Sinner e Paolo Rossi, quando a vincere è l’Italia migliore. L’Italia bella

Darwin Pastorin

Bisognava vivere a Torino in questi giorni per capire la abbagliante follia e l’allegria senza fine del tennis esaltarsi per le prodezze di un ragazzo dal sorriso leggero e dalla classe infinita, capace di vincere con classe e umiltà, con un talento mai visto: parliamo di Jannik Sinner, che ha trionfato anche nelle ATP Finals, battendo in finale un avversario degnissimo, il californiano Taylor Fritz, 6-4 6-4.

Ed ecco l’Italia intera innalzare i peana, ballare e ridere: quella emozionata davanti alla Tv, quella che vede le proprie figlie (anche per l’effetto Jasmine Paolini) e i propri figli chiedere racchette e palline e dimenticare (solo momentaneamente?) il calcio. Quella che si veste di arancione come i capelli di Jannik. Quella che ancora riesce persino a commuoversi, in tempi feroci e neri, per la meraviglia di un campione dello sport, in grado di unire un popolo sotto un’unica bandiera, lasciando da parte, per qualche momento, paura e ansie.

Grazie alle magie del fuoriclasse Pel di carota e l’accoglienza di Torino le ATP resteranno per altri cinque anni da noi. Ma Torino, giustamente, non vuole dividere Sinnerlandia con Milano, a cominciare come qualcuno ipotizza, dal 2027. La città della Mole merita di fare suo questo evento. Senza se e senza ma. Una scommessa cominciata grazie alla ferrea volontà di Chiara Appenndino, sindaca al momento della decisione. E ora portata avanti da tutti i politici, senza divisioni di parte.

Vedere in azione Sinner è un’emozione: un atleta perfetto, che sembra arrivato da un altro pianeta per miracolo. Mai una parola sbagliata, un commento fuori luogo; perché, spesso, troppi assi sono fenomeni in campo, ma arroganti e indifferenti fuori. Jannik no: Jannik elogia, sinceramente, gli sconfitti, saluta il pubblico festante con calore, si concede ai tifosi, soprattutto ai più piccoli, con gentilezza.

Ora, avanti con la Davis: abbiamo tutte le carte in regola per difendere il nostro titolo.

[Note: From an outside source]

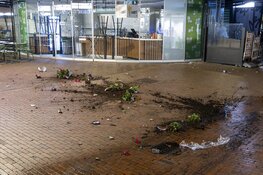 Brand bij Tahoor aan het Buitenplein in Amstelveen, politie doet onderzoek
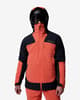 Chaqueta con capucha Columbia Cirque Bowl naranja negro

Sinner mi ha riportato ai fasti del 1982, a quel Mundial di Spagna conquistato dalla nazionale azzurra, guidata dal nostro Don Chisciotte, il commissario tecnico Enzo Bearzot, grazie, soprattutto, alla rinascita, alle reti e alle illuminazioni di un centravanti simile a Jannik, per stile, intuito e dolcezza, per non aver mai conosciuto, nel momento della gloria, quando era l’uomo più famoso del mondo, arroganza o presunzione: Paolo Rossi, tornato in quei giorni di fuoco, rabbia e determinazione ancora Pablito. E anche 42 anni fa, gli italiani scesero in piazza per sventolare il tricolore, per dimenticare le ferite del terrorismo, prima dell’inizio delle stragi di mafia. Dura un attimo la felicità, è vero: ma in quell’attimo ci sentiamo tutti, nessuno escluso, trasportati da una gioia fanciullesca, vivendo dentro un mito, all’interno di una favola, avvolti da un realismo magico.

Pablito, ora, è nella leggenda e nel cuore di chi, come me, ha avuto la fortuna di averlo amico e fratello; Jannik è cronaca viva, è un presente da prima pagina, è un nobile figlio di questa nostra terra, di una bella, bellissima, Italia.